(Dataset entries)
--------------------------------------------------
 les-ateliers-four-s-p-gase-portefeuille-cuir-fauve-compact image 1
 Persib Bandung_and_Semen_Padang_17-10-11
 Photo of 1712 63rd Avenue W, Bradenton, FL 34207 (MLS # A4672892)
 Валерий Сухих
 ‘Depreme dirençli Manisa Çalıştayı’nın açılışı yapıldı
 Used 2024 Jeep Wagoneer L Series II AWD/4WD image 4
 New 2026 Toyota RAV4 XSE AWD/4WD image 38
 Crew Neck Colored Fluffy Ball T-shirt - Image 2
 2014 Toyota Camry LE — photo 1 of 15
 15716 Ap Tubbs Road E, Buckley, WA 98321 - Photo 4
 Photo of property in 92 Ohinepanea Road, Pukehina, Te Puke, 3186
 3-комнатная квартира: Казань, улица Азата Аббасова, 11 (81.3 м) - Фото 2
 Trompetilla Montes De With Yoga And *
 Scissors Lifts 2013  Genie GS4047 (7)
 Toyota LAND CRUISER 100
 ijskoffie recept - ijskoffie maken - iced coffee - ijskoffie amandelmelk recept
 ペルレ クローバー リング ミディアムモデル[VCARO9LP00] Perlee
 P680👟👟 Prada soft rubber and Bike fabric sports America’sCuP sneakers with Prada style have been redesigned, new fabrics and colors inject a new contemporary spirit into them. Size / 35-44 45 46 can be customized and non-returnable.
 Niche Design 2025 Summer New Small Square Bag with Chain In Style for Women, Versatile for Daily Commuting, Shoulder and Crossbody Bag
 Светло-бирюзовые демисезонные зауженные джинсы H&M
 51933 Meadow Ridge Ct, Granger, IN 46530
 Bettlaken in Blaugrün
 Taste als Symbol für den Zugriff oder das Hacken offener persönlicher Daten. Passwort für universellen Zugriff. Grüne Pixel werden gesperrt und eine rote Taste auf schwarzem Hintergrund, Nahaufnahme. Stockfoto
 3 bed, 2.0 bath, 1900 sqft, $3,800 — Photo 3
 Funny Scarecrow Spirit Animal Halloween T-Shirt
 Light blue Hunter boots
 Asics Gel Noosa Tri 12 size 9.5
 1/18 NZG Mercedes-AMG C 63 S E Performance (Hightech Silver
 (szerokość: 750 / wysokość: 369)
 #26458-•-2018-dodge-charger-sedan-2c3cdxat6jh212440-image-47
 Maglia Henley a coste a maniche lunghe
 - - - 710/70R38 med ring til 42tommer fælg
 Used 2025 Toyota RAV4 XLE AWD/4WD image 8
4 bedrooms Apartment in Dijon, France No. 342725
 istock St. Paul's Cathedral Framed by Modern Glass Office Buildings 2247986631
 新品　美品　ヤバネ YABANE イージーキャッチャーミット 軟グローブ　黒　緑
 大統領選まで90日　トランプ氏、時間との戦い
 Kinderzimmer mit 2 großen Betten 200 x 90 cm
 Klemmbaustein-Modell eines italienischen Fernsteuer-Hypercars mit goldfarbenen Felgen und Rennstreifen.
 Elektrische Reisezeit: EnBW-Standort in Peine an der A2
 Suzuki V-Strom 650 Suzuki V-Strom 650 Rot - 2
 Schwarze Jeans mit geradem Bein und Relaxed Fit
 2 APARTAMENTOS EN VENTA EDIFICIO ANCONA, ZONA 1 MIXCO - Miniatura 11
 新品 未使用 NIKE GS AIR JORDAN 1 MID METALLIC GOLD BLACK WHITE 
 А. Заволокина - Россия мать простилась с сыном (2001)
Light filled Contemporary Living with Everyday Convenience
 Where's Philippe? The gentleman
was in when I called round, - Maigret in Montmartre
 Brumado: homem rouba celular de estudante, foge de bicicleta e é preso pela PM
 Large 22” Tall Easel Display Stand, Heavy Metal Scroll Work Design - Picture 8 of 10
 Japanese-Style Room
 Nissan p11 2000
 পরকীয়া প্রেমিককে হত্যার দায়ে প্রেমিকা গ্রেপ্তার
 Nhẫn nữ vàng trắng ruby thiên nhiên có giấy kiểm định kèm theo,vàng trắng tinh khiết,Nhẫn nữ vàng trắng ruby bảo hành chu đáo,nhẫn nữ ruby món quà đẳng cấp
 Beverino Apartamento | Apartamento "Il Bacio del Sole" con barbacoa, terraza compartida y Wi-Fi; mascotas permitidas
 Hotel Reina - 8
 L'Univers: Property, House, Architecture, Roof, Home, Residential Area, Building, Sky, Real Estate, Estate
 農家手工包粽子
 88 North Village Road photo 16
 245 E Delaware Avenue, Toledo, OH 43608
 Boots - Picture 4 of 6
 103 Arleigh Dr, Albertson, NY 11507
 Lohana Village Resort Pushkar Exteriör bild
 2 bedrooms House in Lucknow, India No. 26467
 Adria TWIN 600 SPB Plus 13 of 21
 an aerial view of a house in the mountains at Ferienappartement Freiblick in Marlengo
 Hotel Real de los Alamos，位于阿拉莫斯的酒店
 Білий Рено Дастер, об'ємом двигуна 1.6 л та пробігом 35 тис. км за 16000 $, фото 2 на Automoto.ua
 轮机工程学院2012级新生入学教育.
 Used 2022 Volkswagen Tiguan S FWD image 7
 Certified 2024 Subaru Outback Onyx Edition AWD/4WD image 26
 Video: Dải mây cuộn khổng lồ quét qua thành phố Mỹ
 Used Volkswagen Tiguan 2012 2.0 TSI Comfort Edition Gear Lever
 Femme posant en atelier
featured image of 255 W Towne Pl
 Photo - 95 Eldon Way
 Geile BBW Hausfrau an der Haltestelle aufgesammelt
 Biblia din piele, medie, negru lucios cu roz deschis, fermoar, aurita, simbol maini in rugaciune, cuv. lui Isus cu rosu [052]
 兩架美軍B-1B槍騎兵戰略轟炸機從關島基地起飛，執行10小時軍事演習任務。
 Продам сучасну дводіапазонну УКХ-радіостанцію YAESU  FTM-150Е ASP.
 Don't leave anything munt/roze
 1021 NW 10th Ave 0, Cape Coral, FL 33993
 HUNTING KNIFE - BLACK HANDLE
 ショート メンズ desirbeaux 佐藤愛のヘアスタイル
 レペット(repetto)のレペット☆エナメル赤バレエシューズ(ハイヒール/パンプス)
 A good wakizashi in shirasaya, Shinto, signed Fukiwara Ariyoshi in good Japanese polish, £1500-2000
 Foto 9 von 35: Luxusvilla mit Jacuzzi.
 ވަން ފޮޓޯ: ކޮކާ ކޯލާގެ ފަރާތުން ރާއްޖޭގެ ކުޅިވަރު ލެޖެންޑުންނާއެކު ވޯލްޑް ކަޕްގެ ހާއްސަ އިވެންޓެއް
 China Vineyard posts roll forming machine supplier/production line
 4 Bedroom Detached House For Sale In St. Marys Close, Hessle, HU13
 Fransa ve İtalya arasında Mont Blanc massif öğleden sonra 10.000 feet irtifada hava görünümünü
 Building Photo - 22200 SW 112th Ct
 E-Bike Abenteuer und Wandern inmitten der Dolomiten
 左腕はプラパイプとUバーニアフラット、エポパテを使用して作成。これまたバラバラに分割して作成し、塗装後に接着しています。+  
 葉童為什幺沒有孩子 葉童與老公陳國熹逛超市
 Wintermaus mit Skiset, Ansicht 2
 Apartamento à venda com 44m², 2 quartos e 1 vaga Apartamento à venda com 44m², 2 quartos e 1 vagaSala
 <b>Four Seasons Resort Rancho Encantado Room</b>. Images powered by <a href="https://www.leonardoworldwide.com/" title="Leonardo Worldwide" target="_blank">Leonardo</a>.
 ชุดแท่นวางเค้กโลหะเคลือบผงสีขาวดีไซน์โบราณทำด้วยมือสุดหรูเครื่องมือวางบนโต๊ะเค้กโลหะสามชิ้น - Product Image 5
--------------------------------------------------
> Problem to solve
Set down precisely the lines above between the line holding "Adria TWIN 600 SPB Plus 13 of 21" and the line holding "Video: Dải mây", inclusive, and nothing beyond them.

> Task solution
 Adria TWIN 600 SPB Plus 13 of 21
 an aerial view of a house in the mountains at Ferienappartement Freiblick in Marlengo
 Hotel Real de los Alamos，位于阿拉莫斯的酒店
 Білий Рено Дастер, об'ємом двигуна 1.6 л та пробігом 35 тис. км за 16000 $, фото 2 на Automoto.ua
 轮机工程学院2012级新生入学教育.
 Used 2022 Volkswagen Tiguan S FWD image 7
 Certified 2024 Subaru Outback Onyx Edition AWD/4WD image 26
 Video: Dải mây cuộn khổng lồ quét qua thành phố Mỹ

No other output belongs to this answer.